→ **What this task involves**: Copy nothing but the lines below running from the line containing "Floor plan of" through the line containing "Floral24 Collection in", both end lines included.

→ **Supplied records**:
..........
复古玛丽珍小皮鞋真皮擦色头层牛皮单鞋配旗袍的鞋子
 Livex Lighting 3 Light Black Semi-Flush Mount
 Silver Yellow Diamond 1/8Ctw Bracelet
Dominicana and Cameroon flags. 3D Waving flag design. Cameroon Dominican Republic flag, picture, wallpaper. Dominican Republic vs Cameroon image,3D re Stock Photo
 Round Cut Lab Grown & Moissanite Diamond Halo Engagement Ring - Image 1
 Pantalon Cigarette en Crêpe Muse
..........
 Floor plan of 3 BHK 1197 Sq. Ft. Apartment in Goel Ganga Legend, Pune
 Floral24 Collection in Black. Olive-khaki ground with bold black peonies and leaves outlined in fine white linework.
..........
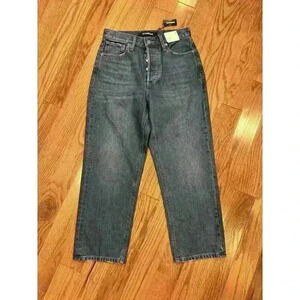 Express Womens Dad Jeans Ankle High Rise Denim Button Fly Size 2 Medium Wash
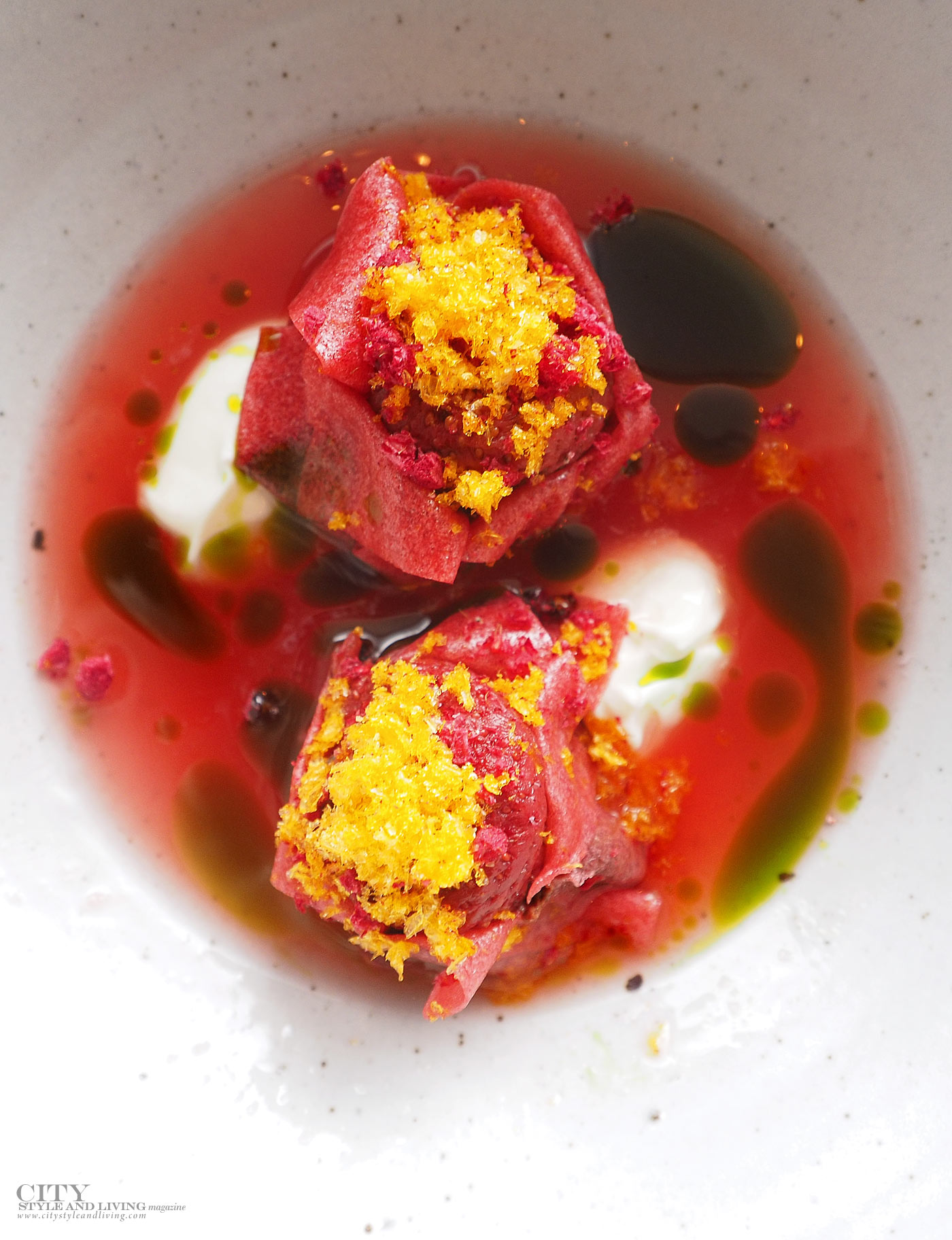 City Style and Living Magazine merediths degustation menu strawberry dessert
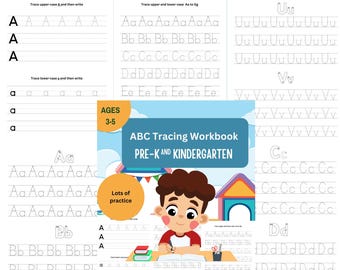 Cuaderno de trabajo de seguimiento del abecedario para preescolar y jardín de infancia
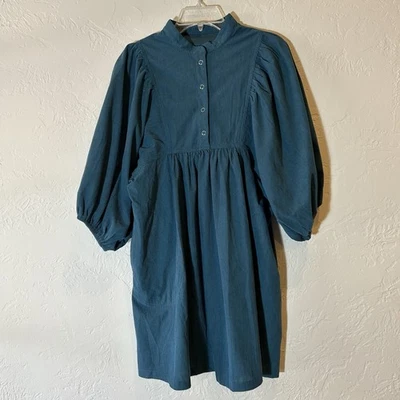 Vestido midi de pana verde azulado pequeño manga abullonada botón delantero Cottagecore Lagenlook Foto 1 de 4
..........
→ **Exercise solution**:
 Floor plan of 3 BHK 1197 Sq. Ft. Apartment in Goel Ganga Legend, Pune
 Floral24 Collection in Black. Olive-khaki ground with bold black peonies and leaves outlined in fine white linework.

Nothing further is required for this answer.